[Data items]
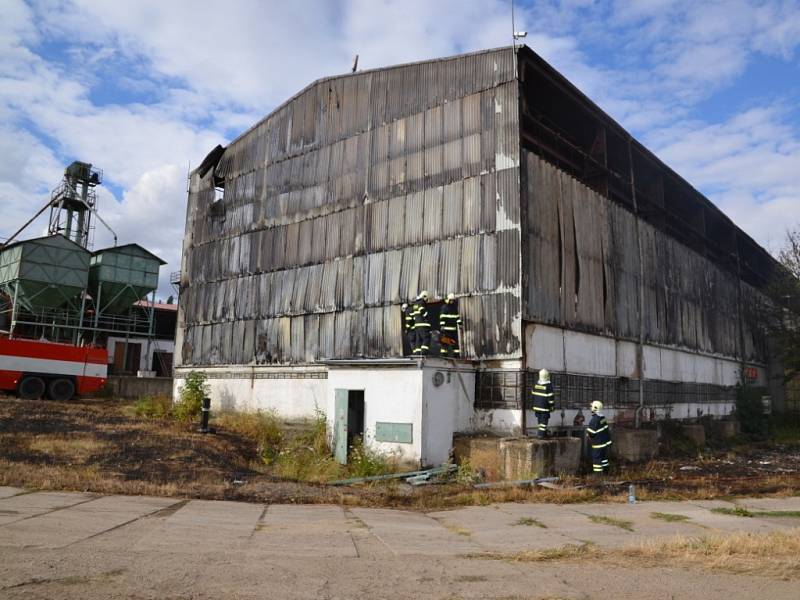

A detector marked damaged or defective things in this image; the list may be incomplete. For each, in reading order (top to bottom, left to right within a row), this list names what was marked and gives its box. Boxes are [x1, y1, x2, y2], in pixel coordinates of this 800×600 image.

fire-damaged warehouse [173, 44, 780, 466]
cracked concrete ground [0, 488, 796, 600]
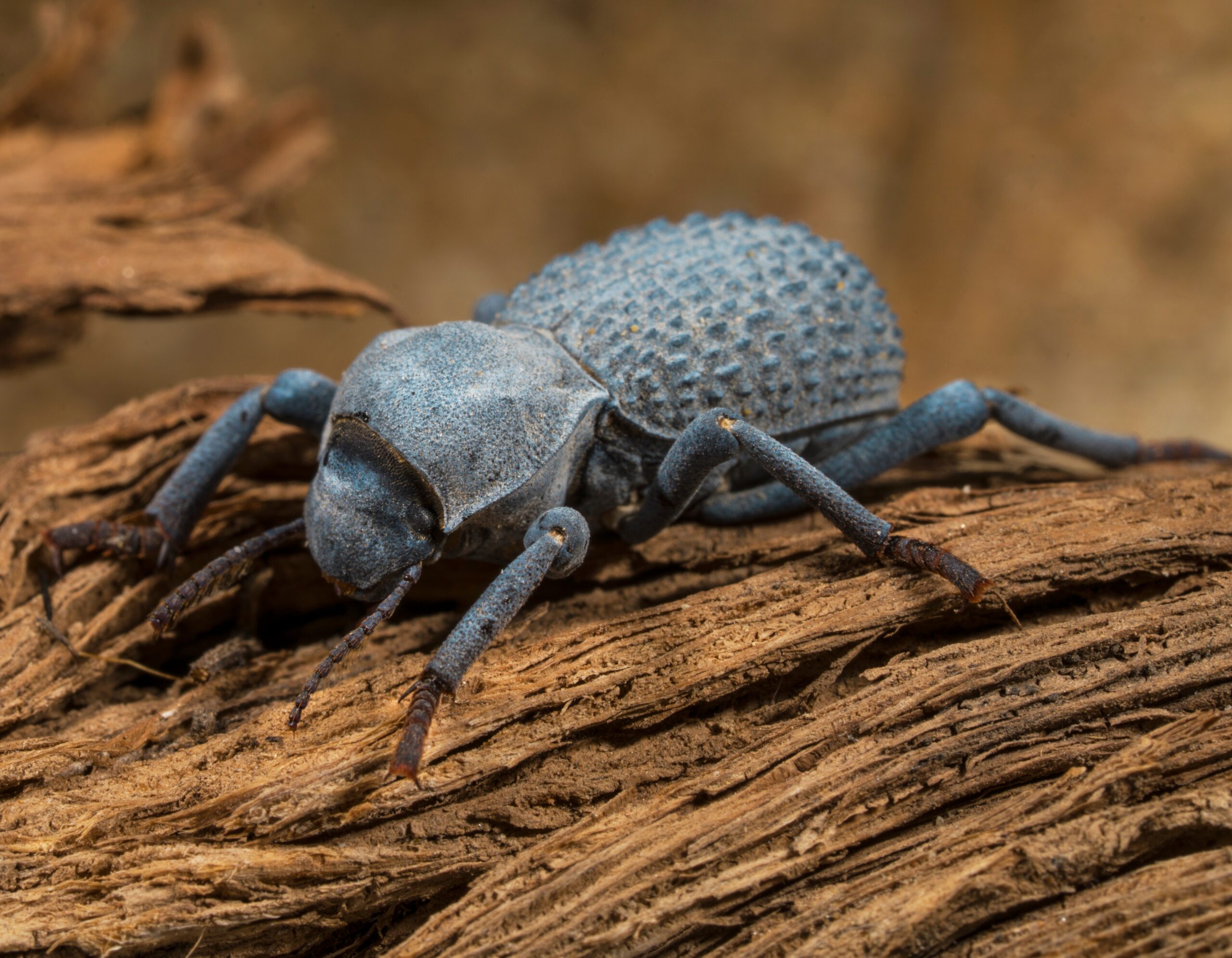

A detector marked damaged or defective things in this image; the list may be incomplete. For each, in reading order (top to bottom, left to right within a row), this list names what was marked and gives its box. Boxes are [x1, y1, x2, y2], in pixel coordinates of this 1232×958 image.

splintered wood [0, 0, 394, 367]
splintered wood [2, 377, 1232, 952]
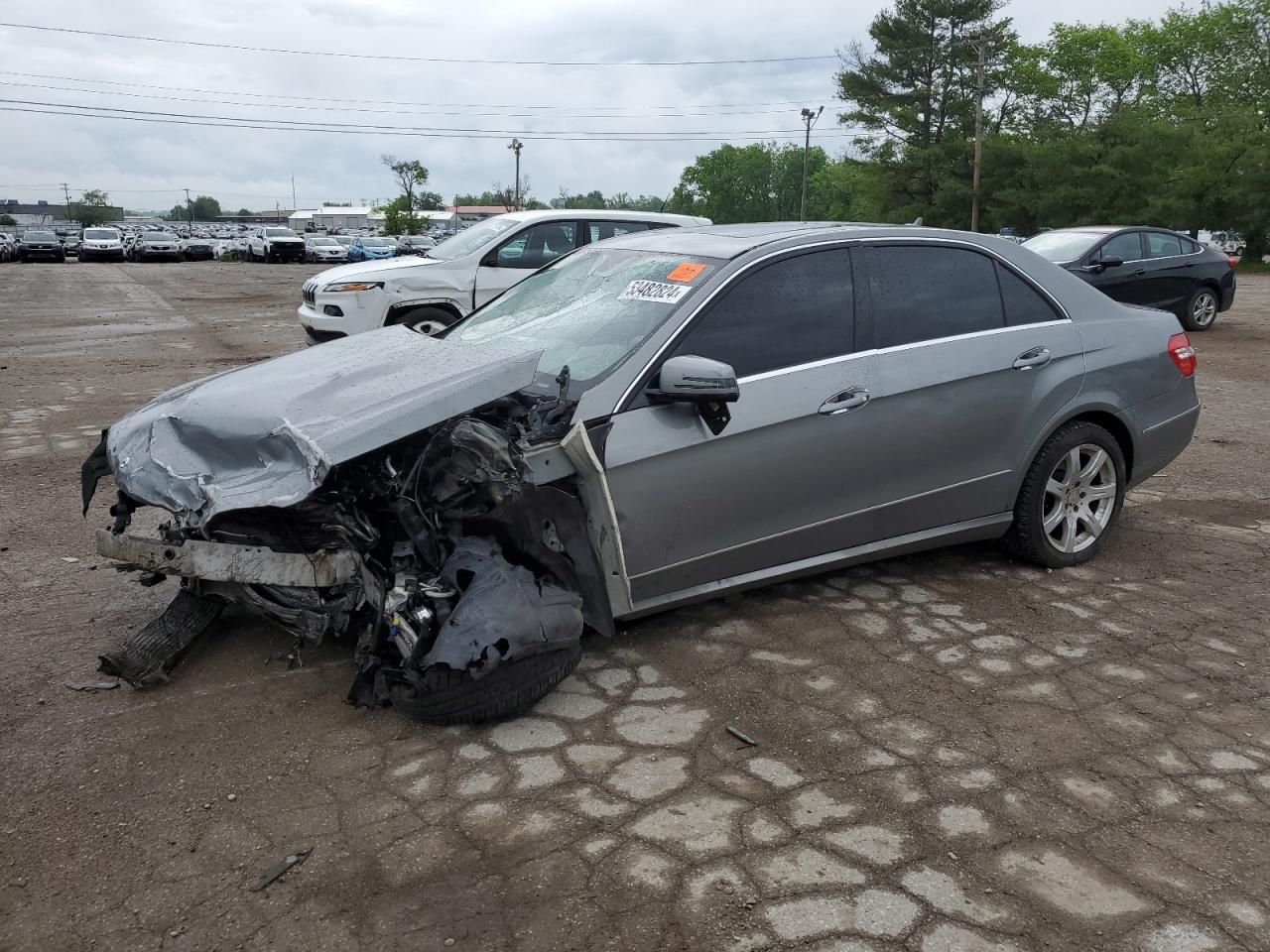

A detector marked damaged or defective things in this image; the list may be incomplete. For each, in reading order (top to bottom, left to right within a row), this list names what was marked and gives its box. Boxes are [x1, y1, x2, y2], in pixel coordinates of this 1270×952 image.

crumpled hood [109, 329, 540, 528]
severely damaged mercedes-benz [84, 232, 738, 722]
cracked pavement [2, 260, 1270, 952]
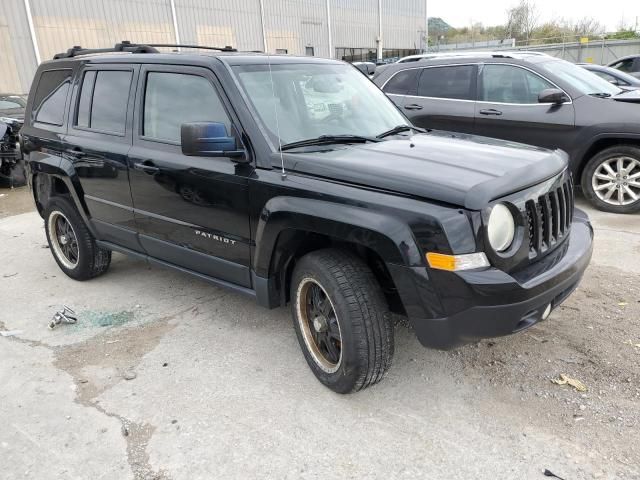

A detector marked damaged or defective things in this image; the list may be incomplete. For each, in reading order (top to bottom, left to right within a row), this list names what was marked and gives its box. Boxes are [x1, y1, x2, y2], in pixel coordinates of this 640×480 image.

cracked concrete [0, 188, 636, 480]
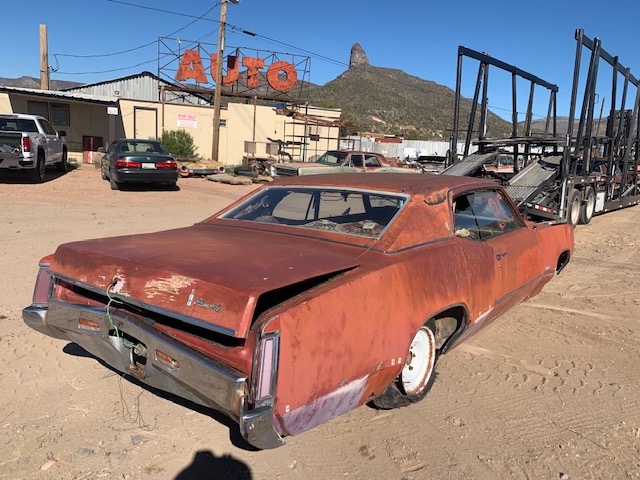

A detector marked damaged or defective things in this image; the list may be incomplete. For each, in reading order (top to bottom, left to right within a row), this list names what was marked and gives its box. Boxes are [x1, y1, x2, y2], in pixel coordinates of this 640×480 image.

rusty red car [23, 173, 576, 450]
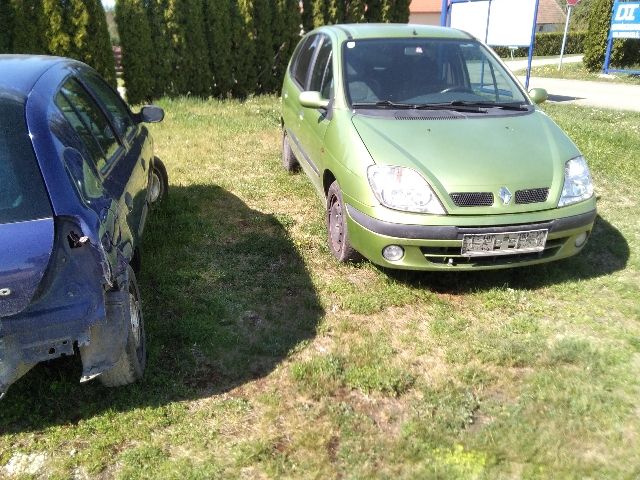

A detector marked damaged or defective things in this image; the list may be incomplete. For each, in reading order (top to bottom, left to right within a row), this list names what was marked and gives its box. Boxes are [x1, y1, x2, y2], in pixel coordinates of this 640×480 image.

**Task goal**
An exact copy of all the entries is required, and it must contain no pictures.

**Response box**
A detector marked damaged or defective things in this image; the list may be incomplete. For each, in reading order (top to bottom, left to right within a row), this list names what was marked and gives its box. Boxes are [x1, y1, x2, y2], in pixel coordinates of this 800×600 image.

fire-damaged warehouse [173, 44, 780, 466]
cracked concrete ground [0, 488, 796, 600]

A detector marked damaged or defective things in this image; the list may be incomplete. For each, in reading order (top to bottom, left to right within a row), this list names what was marked and gives its box. Boxes are [x1, y1, x2, y2], in pixel coordinates of this 1232×958 image.

splintered wood [0, 0, 394, 367]
splintered wood [2, 377, 1232, 952]

A detector marked damaged or defective things in this image; the list may be incomplete. For each, in reading order (top to bottom, left to right within a row), this list names what was marked and gives its box. Boxes are [x1, y1, x2, y2], in pixel coordinates of this 1270×952 image.

crumpled hood [109, 329, 540, 528]
severely damaged mercedes-benz [84, 232, 738, 722]
cracked pavement [2, 260, 1270, 952]

A detector marked damaged or defective things in this image; the list may be incomplete. For each, in reading order (top to bottom, left to right within a row), this list names what was marked and gives its box. Boxes are [x1, y1, x2, y2], in pixel coordinates of this 640×480 image.

cracked concrete [0, 188, 636, 480]

A detector marked damaged or defective things in this image; the list may be incomplete. For each, in reading order (top to bottom, left to right within a row), this list names what was marked and gives its box. Boxes are [x1, y1, x2, y2], in pixel coordinates of this 640×480 image.

rusty red car [23, 173, 576, 450]

A detector marked damaged or defective things in this image; the list may be incomplete. For each, in reading order (top to bottom, left to right within a row), this list names what was marked and gives its box. Boxes are [x1, y1, x2, y2], in pixel coordinates of this 640×480 image.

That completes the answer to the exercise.